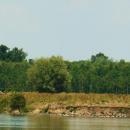 MOs810, WG 2014 39, Milicz Ponds Rudy pond (10)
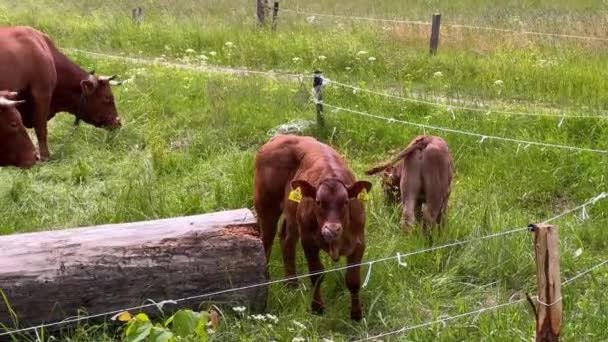 大きな腐ったログによって牧草地で茶色の牛の群れ放牧緑の草 — ストック動画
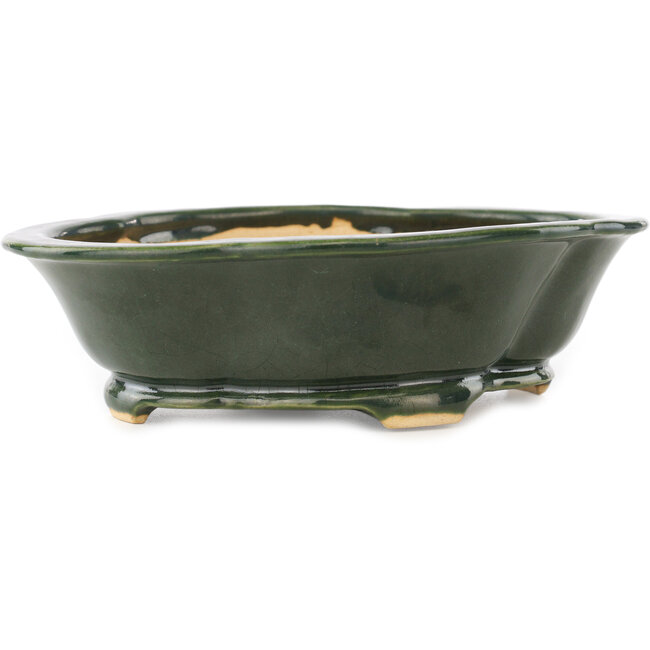 Maceta para bonsái verde Mokko de Seizan - 180 x 155 x 50 mm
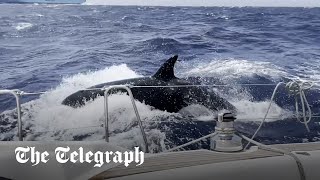 Killer whales attack yacht off the coast of Morocco [upl. by Radack]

# # # #

▶ **WHAT NEEDS TO BE DONE**: Apart from the pictures, all of the data should be repeated exactly.

▶ **SOLUTION TO THIS EXERCISE**:
 MOs810, WG 2014 39, Milicz Ponds Rudy pond (10)
 大きな腐ったログによって牧草地で茶色の牛の群れ放牧緑の草 — ストック動画
 Maceta para bonsái verde Mokko de Seizan - 180 x 155 x 50 mm
 Killer whales attack yacht off the coast of Morocco [upl. by Radack]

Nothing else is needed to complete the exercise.